WHAT TO WORK ON
Across the following data, how many lines include the string "Image"? Reply with the number and nothing more.
THE DATA: Begin
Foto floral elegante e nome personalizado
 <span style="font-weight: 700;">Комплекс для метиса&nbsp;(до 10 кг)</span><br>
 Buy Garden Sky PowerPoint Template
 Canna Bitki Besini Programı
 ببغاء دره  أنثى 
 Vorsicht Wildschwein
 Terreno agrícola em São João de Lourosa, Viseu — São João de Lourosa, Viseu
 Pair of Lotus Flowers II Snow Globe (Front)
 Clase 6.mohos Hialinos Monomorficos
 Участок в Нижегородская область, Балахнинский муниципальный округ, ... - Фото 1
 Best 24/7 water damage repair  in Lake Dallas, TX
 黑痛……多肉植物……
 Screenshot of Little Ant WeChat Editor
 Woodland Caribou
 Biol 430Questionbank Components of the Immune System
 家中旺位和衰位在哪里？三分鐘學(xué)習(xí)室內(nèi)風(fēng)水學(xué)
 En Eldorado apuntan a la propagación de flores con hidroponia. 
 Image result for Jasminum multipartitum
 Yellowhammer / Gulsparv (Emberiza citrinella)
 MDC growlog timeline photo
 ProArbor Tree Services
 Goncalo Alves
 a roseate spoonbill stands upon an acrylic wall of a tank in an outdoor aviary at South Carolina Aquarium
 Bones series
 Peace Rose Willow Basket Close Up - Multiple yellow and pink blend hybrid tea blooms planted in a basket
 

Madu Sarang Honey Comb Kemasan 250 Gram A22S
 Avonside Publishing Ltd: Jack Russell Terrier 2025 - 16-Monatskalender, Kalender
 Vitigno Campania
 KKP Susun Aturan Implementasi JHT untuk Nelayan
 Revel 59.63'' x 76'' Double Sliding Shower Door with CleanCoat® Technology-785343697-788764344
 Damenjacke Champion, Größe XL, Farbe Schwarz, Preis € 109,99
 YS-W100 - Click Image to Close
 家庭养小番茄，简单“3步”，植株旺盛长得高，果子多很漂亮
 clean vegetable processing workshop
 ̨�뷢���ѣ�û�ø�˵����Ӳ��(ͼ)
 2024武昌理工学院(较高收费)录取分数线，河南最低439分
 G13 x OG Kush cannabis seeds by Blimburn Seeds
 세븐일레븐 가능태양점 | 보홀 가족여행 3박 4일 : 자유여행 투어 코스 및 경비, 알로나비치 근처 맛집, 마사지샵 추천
THE DATA: End
TASK ANSWER
2